The DMN attributed Foster's win to a near-universal victory by the Democratic Party in Dallas County because of voter disaffection with Republican office-holders. Foster said it was his message of returning government to the people that won him the office. It is his first elected position; he ran unsuccessfully for Sheriff three years ago.
Foster doesn't see himself as becoming a career politician. "I'm 63 years old and I'll be 67 at the end of my four-year term," he said, "so I'd say two terms would be the most that I'm going to be doing this."
Paramount Alarm, a statewide integrator doing about 80 percent of its work in fire and employing 10, will be in the able hands of sales head Jim Adams. "Nothing will change," Adams said. "I've been here a long time." If anything, he speculated the company might need to hire another installer certified in fire.
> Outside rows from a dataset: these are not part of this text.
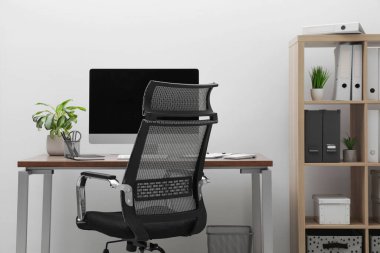 Cozy workspace with computer on desk, chair and bookcase near white wall at home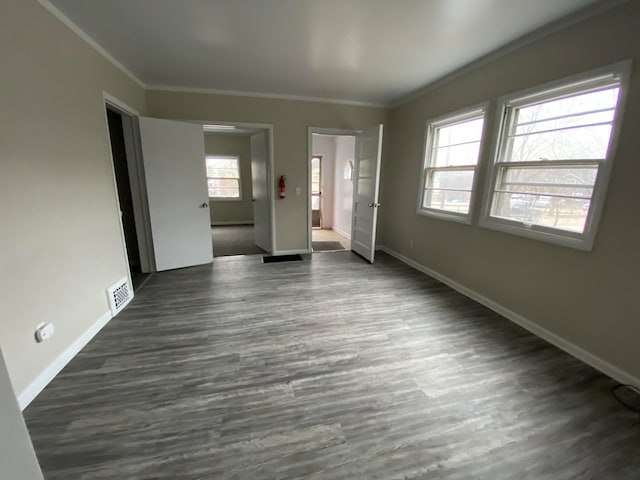 empty room featuring dark hardwood / wood-style floors, ornamental molding, and a wealth of natural light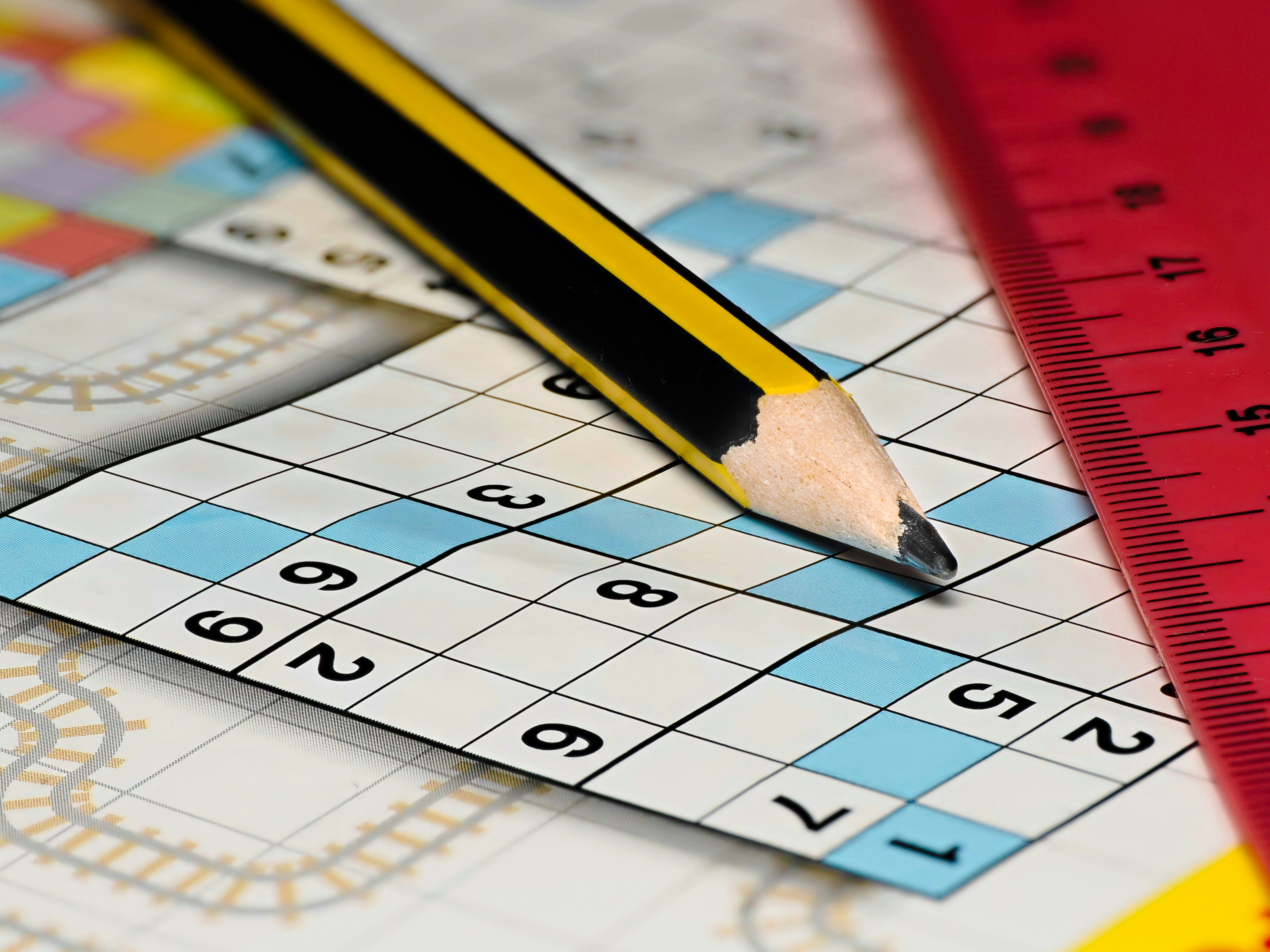 pencil and ruler on a crossword book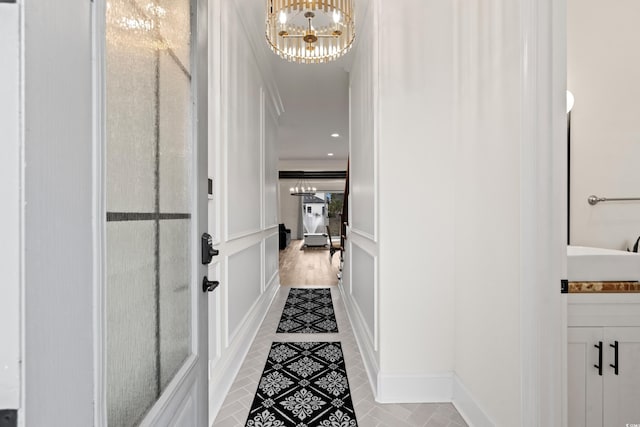 corridor with crown molding, sink, tile patterned flooring, and a notable chandelier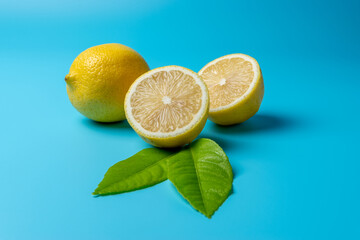 Fresh sliced lemon on blue background. Minimal food concept.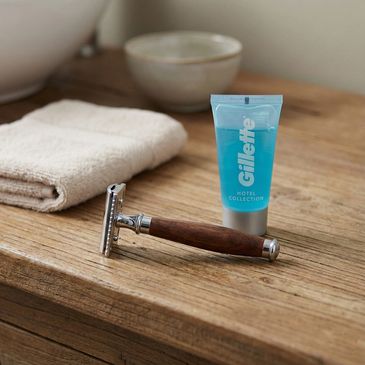 A wooden-handled razor and Gillette shaving gel on a wooden surface with towel and bowl.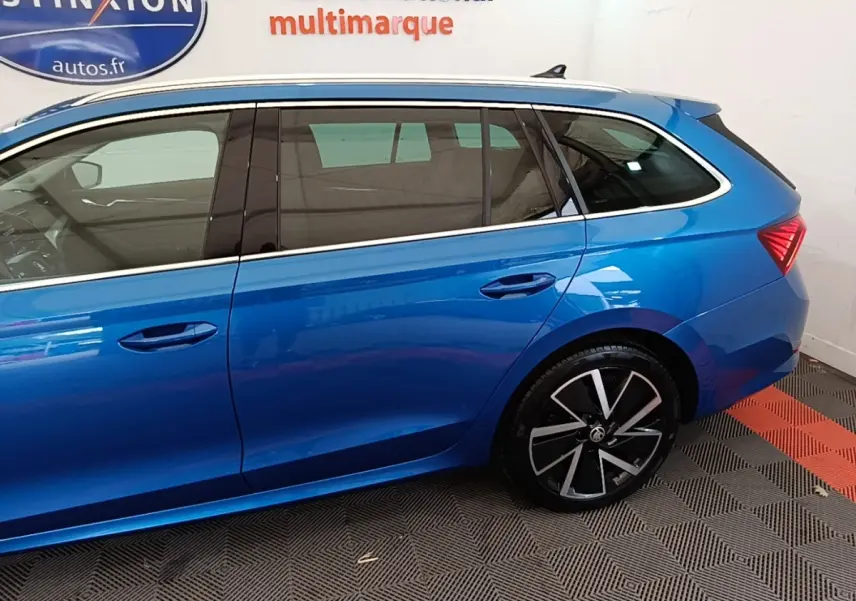 Vue latérale gauche d'une Skoda Octavia bleue 2022, mettant en valeur les jantes noires et les vitres teintées.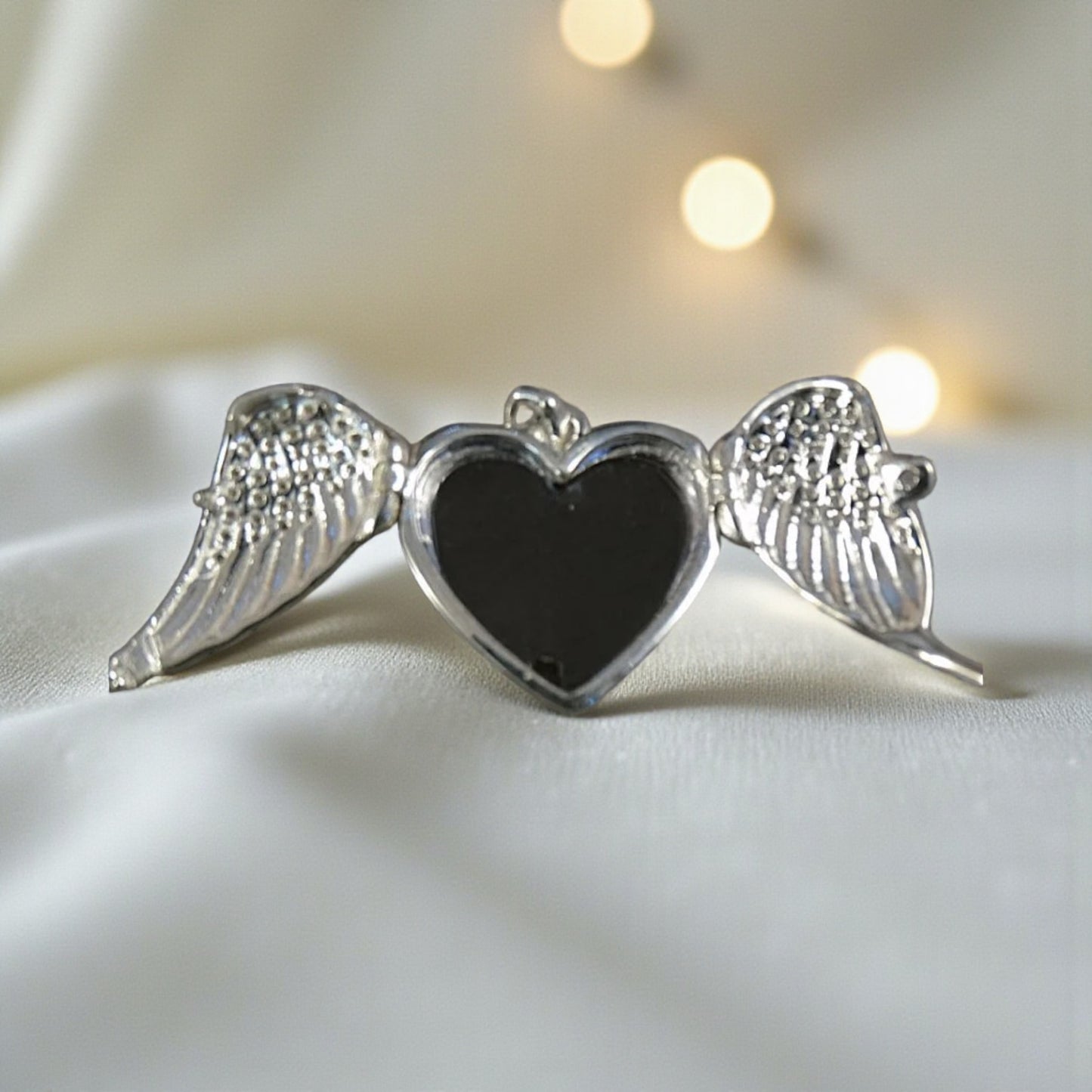 winged ashes heart locket, handcrafted in lancashire, uk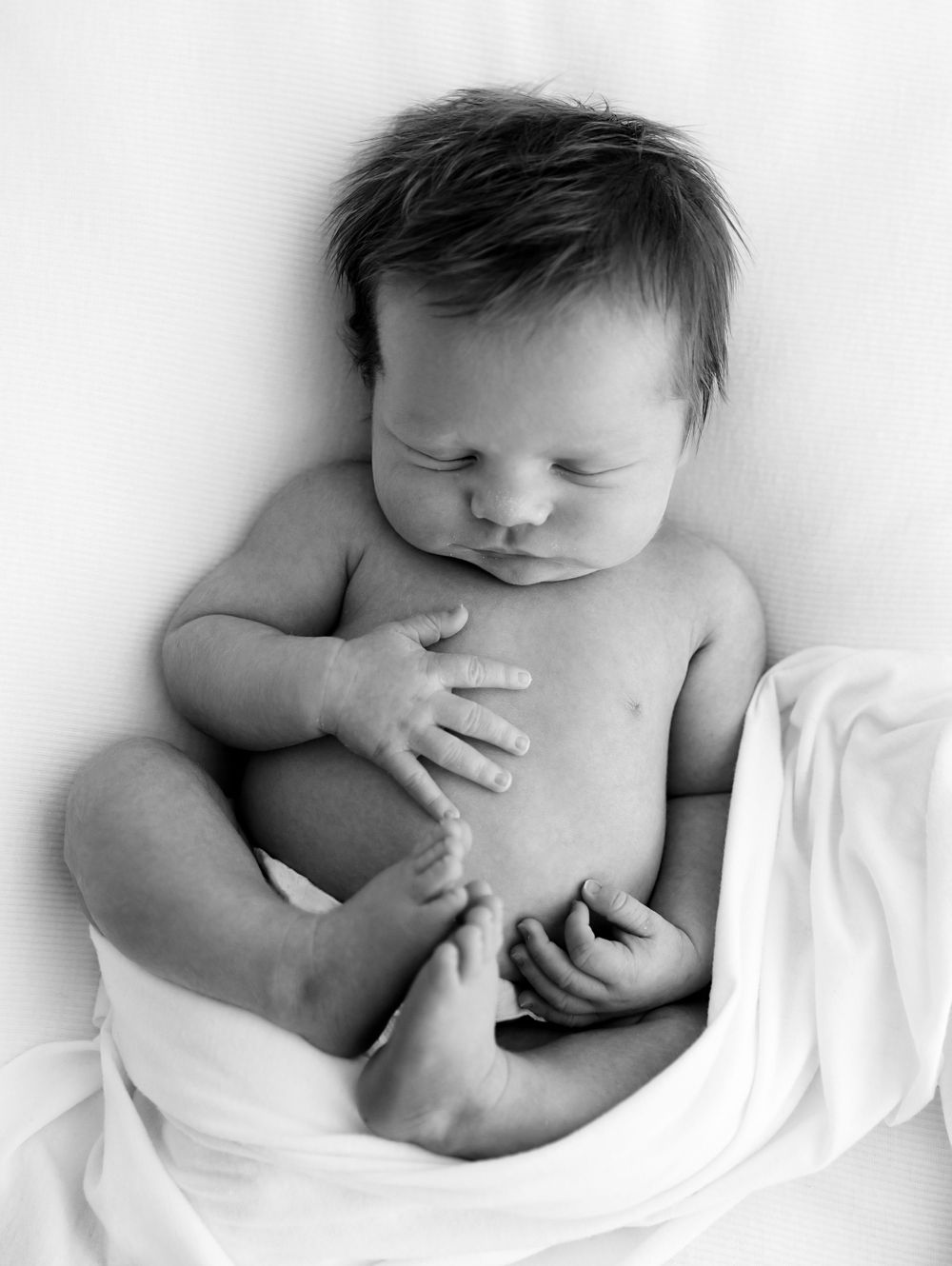 Artistic black and white photo of sleeping baby wrapped in white fabric.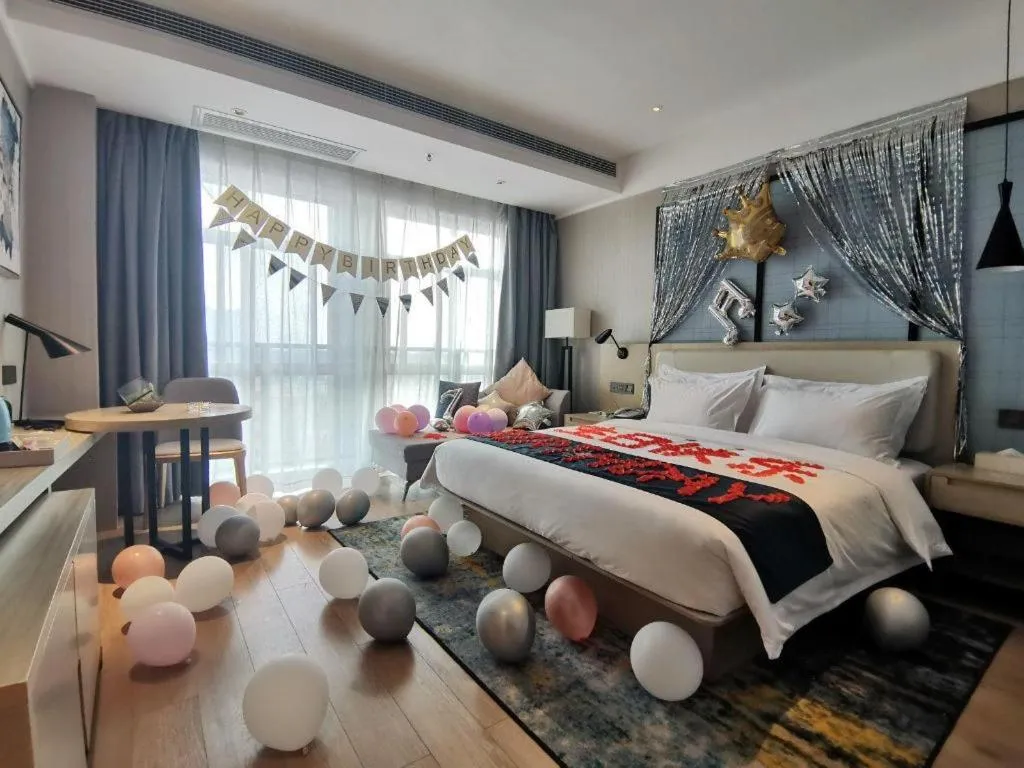 Bed in Echarm Hotel Xinyu Railway Station Baoshi Park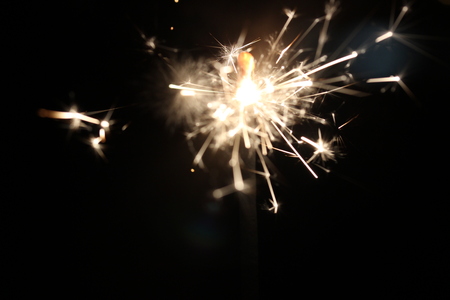 Christmas colorful sparklers holiday background for xmas new yearの写真素材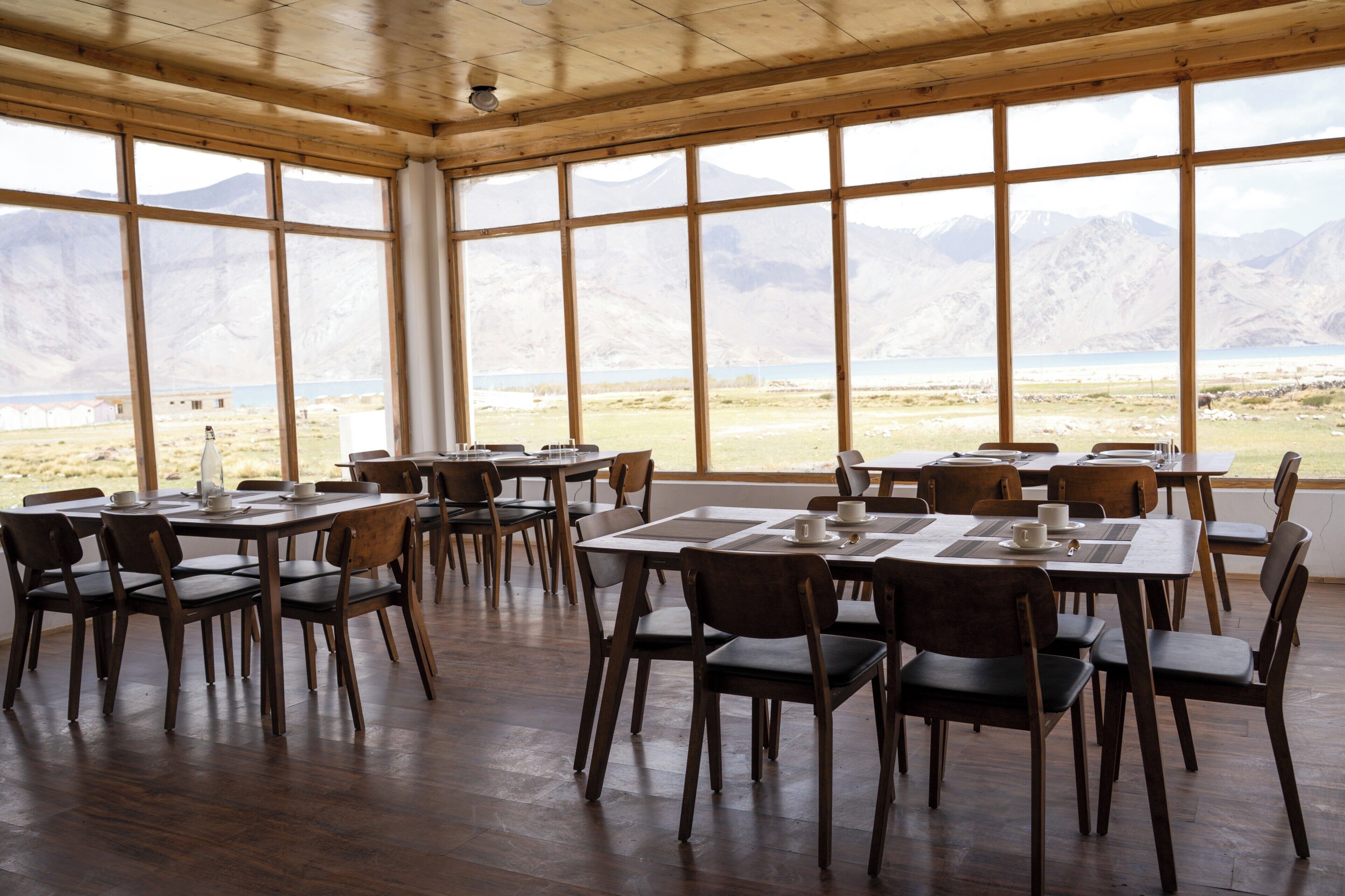 Un espace repas avec des tables et des chaises en bois, de grandes fenêtres offrant une vue sur les montagnes.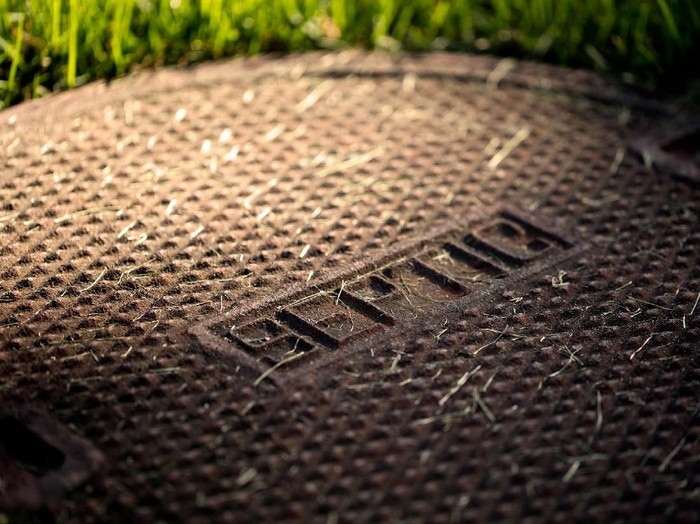 Closed septic tank cover in a backyard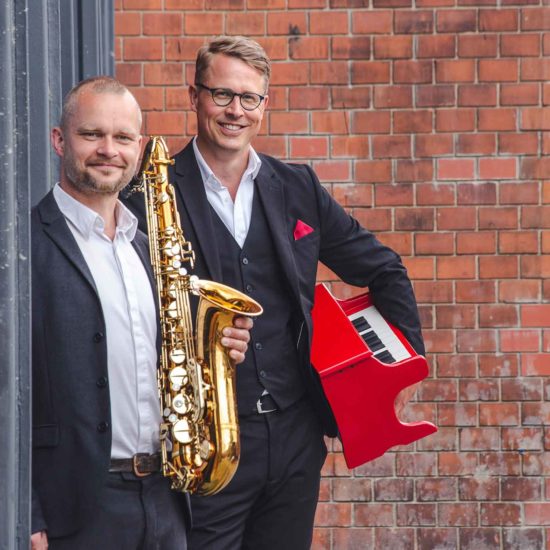 Der Saxophonist und der Pianist posieren am Kraftwerk Mitte in Dresden.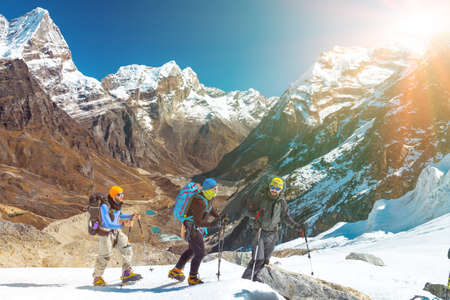 Group of Friends in Mountains traversing Glacier towards rising Sunの写真素材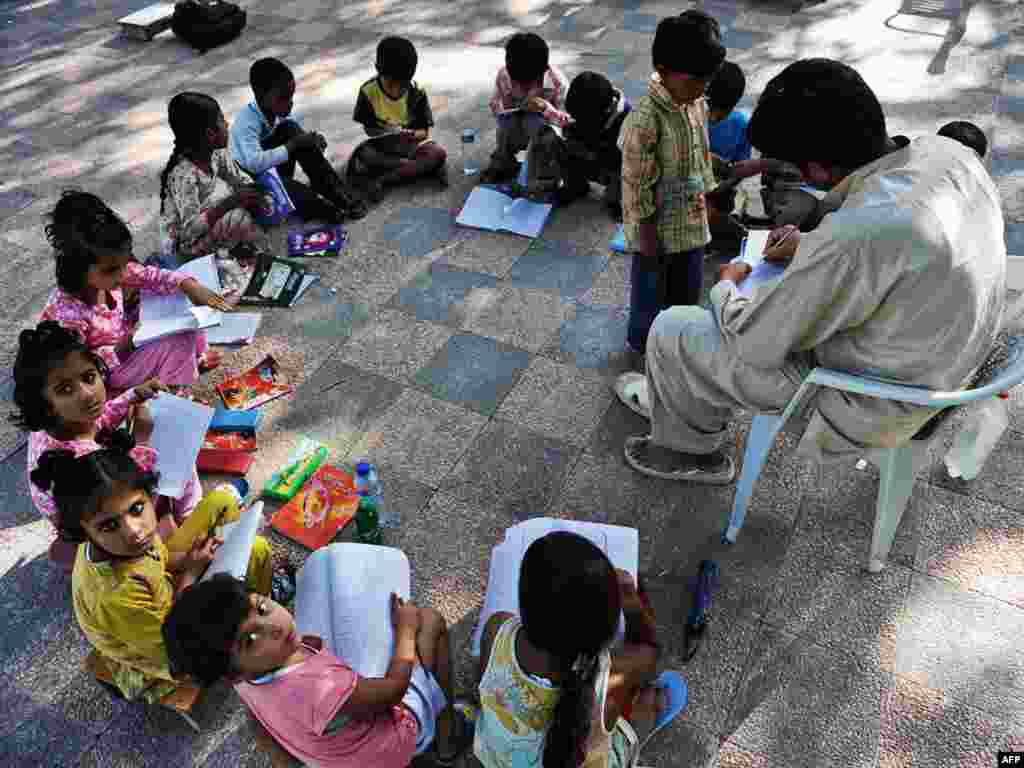 Pakistan -- Pakistani pupils attend class at a school situated in a park in Islamabad, 08Sep2009 - PAKISTAN, Islamabad : Pakistani pupils attend class at a school situated in a park in Islamabad on September 8, 2009. About 45 percent or over 50 million people in Pakistan are illiterate. Half of rural women cannot read or write, officials media reports said. universal primary education green03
The company is also in the process of hiring a new service manager.
Foster thinks his alarm background will serve him well as county judge, especially as he's now in charge of emergency management, which is "going to need a new building. That's very similar to a central station. There's many similarities in terms of meeting requirements and I doubt that anyone else on the court has that kind of experience."
As for Dallas's controversial verified commercial alarm policy, Foster said he'll be in an advisory position, talking with Dallas city government. However, he said, "My recommendation is probably going to be with the state Legislature, and my recommendation is going to be that if a city intends to do that they need to put it up to a public vote."